Distribution disarray

| Updated on March 12, 2018 Published on February 06, 2014

The best-designed and cost-effective financial products cannot reach Indian investors without a viable industry to market these

In a bid to attract new investors to financial products, Indian market regulators have been tightening the screws on firms to make their products more transparent and cost-effective. But investors don’t seem to be taking much notice of this. A key reason is that the distribution industry, without which new products cannot reach the end-consumer, is in a shambles. Take life insurers who, in response to the Insurance Regulatory and Development Authority’s (IRDA) new rules for traditional policies, have rolled out some 500 new and revised plans in the last one month. But such changes, far from exciting agents, are actually causing disquiet. IRDA’s latest annual report in fact shows that as many as 8 lakh agents — a third of the existing field force — exited the life insurance business in 2012-13. The mutual fund industry has also suffered similar upheavals in the last four years, after the SEBI, with the best intentions, banned entry loads and tightened its scrutiny of new products.

Regulators need to realise that retail investors will not throng to financial products just because there’s a large menu of them available at ultra-low costs. Given dismal levels of financial literacy and internet penetration in India, even the best products need an army of agents to actively market them. The rising complexity and customisation of products also requires serious financial intermediary professionals. Part-timers peddling brochures, filling in forms and collecting cheques from investors can no longer fulfil this role. It is time the regulators take a deep breath and abandon their current obsession with product reform. They should, instead, focus on intermediaries, to address the significant inconsistencies in their regulations.

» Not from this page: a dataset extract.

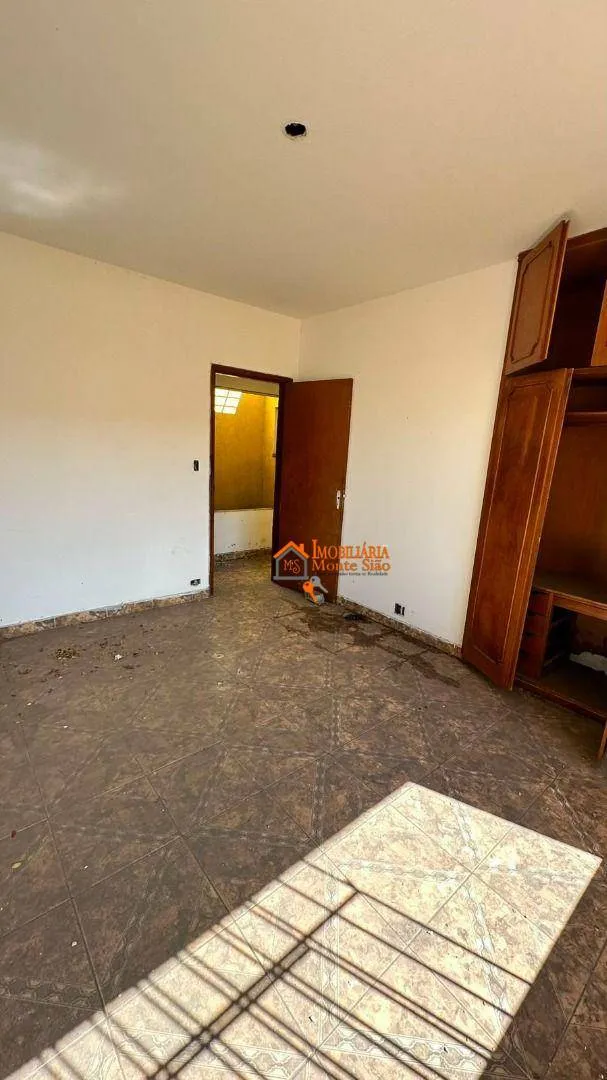 Imagem Casa com 3 dormitórios à venda, 250 m² por R$ 870.000,00 - Jardim Santa Mena - Guarulhos/SP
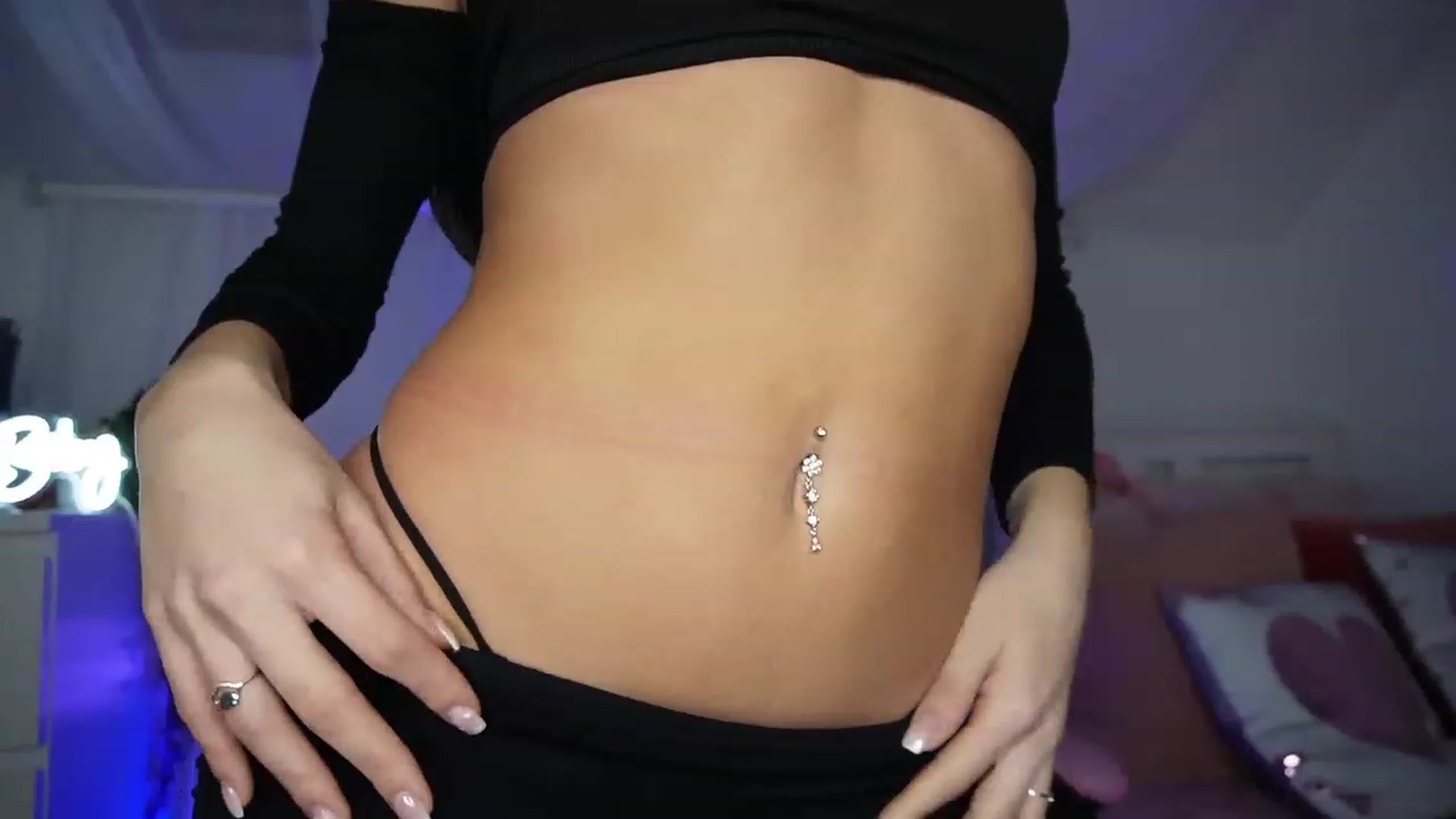 Gallery image thumbnail from AshleyJohnes's myfreecams stream on, 02/18/2023, 07:59 image 11 of 20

A good starting point could be commission structures. Why should mutual fund agents, for instance, be banned from taking any upfront commissions when incentives up to one per cent are given on government-backed small savings schemes and tax-free bonds? Incidentally, commissions on market-linked insurance plans remain as high as 15-20 per cent of the first-year premium. Likewise, we have SEBI seeking to reduce conflict of interest by separating commission-earning agents from pure advisors, but IRDA wanting the same bank to sell products of multiple insurers. While mutual fund schemes are sold on the basis of track record, insurers are barred from it and rely only on ‘illustrative’ returns. Multiplicity of marketing practices, commission structures and entry norms across financial products leads to confusion for investors; it also creates perverse incentives for distributors. The latter would obviously hard-sell products offering high incentives and neglect those fetching modest fees. It is time the regulators coordinated their efforts and took stock of what is ailing the distribution industry. Framing a common set of rules on selling practices and incentive structures for all intermediaries may do far more for financial product penetration today than product reforms have done so far.